On 14 October 2023, he took the post of Polish ambassador to Slovakia, presenting his letter of credence to the President Zuzana Čaputová on 15 November 2023. He ended his mission in July 2024.

Besides Polish, he speaks fluently English and Czech. He has also knowledge of Spanish, Italian and Slovak languages.

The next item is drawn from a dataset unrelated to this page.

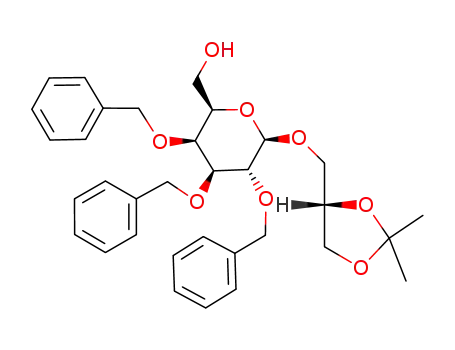 57731-81-4 Structure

He is married with three children.

== Honours ==
- 2016 – Pro Patria Medal, Poland
- 2022 – Medal of the Centenary of Regained Independence, Poland

== Books ==
- Josef Mlejnek, Maciej Ruczaj (ed.), Ze země Pana Nikoho. Zbigniew Herbert a Jan Zahradníček: dva básníci tváři v tvář totalitě, Praha: Dokořán, 2008, ISBN 978-80-7363-224-3.
- Ryszard Legutko, Maciej Ruczaj (ed.), Ošklivost demokracie a jiné eseje, Brno: CDK, 2009, ISBN 978-80-7325-184-0.
- Maciej Ruczaj, Maciej Szymanowski (ed.) Pravým okem. Antologie současného polského politického myšlení, Brno: CDK, 2010, ISBN 978-80-7325-211-3.
- Maciej Ruczaj (ed.), Návrat člověka bez vlastnosti. Krize kultury v současné polské esejistice, Brno: CDK, 2010, ISBN 978-80-7325-210-6.
- Andrzej Nowak, Maciej Ruczaj (ed.), Impérium a ti druzí. Eseje z moderních dějin východní Evropy, Brno: CDK, 2010, ISBN 978-80-7325-222-9.
- Maciej Ruczaj (ed.), Jagellonské dědictví. Kapitoly z dějin středo-východní Evropy., Brno: CDK, 2012, ISBN 978-80-7325-274-8.
- Tadeusz Gajcy, Maciej Ruczaj (ed.), Zády opřen o věčnost, Prague: MAKE detail, 2014, ISBN 978-80-905124-8-1.
- Maciej Ruczaj (ed.), Chtěli jsme být svobodní… Příběhy z Varšavského povstání 1944, Ostrava: PANT, 2015, ISBN 978-80-905942-6-5.
- Petr Fiala, Maciej Ruczaj (ed.), Koniec beztroski: o Europie, demokracji i polityce, jakiej nie chcemy, Kraków: Ośrodek Myśli Politycznej, 2016, ISBN 978-83-64753-54-1.